**Aim of the task:** Write back every line of the listing exactly, excluding images.

**Given material:**
BEGIN

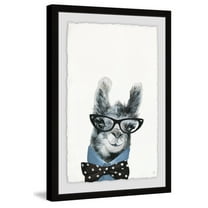 Llama With A Bow Framed Painting Art Print, 8.00" x 1.50"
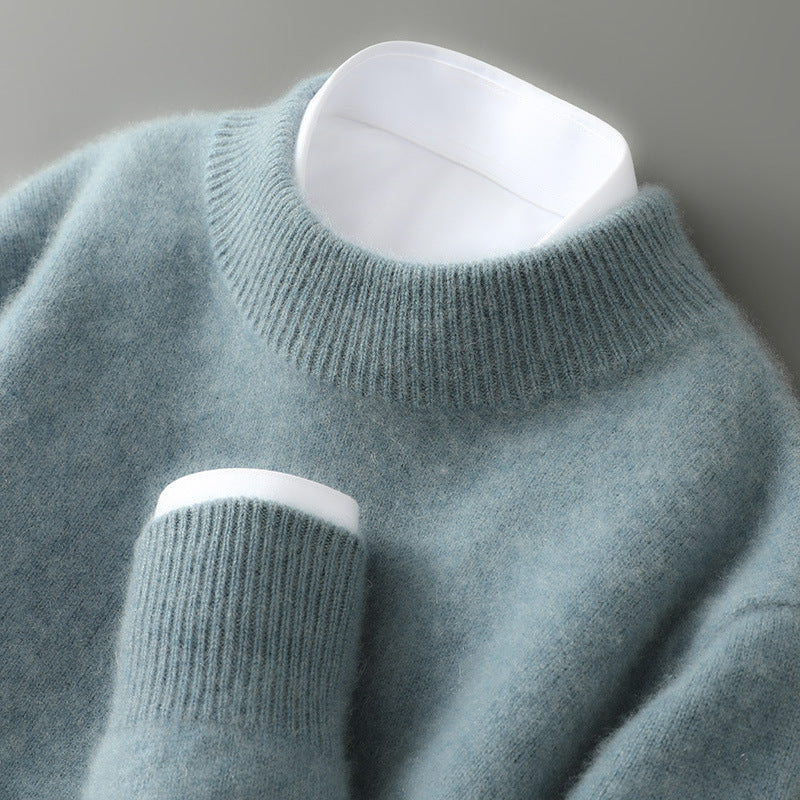 Modern men's mock neck sweater. Soft, comfortable long sleeve pullover, perfect for refined casual style.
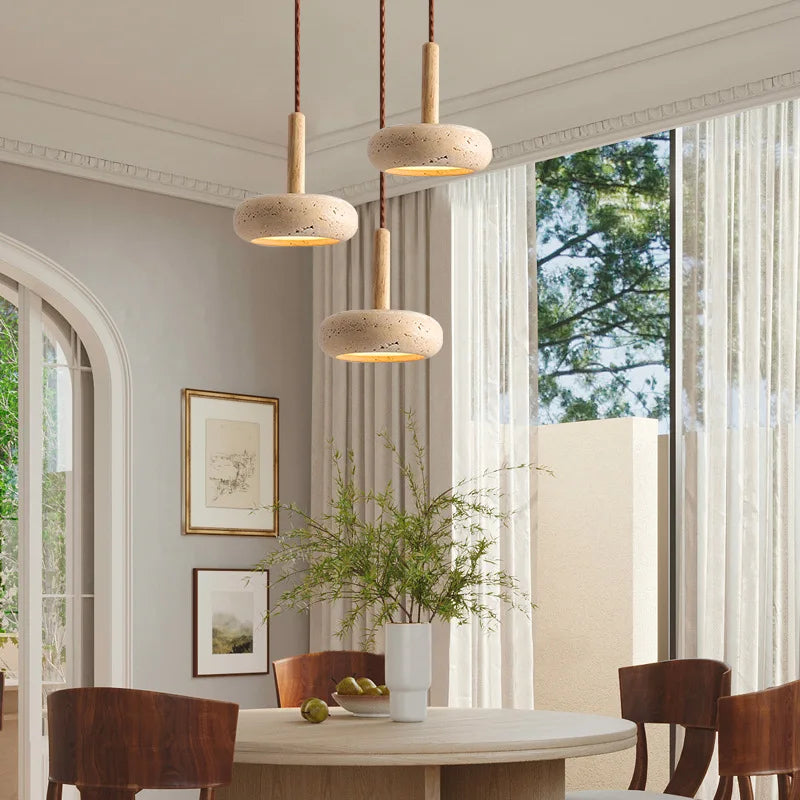LuxRoyale Minimalist Copper Frosted Glass Pendant Lamp With Stone Accent for Soft Bedroom Lighting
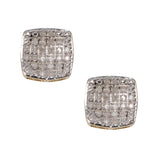 Micro-Pavé Square Diamond Stud Earrings 0.18ct 10K Yellow Gold - bayamjewelry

END

**Solution:**
 Llama With A Bow Framed Painting Art Print, 8.00" x 1.50"
 Modern men's mock neck sweater. Soft, comfortable long sleeve pullover, perfect for refined casual style.
LuxRoyale Minimalist Copper Frosted Glass Pendant Lamp With Stone Accent for Soft Bedroom Lighting
 Micro-Pavé Square Diamond Stud Earrings 0.18ct 10K Yellow Gold - bayamjewelry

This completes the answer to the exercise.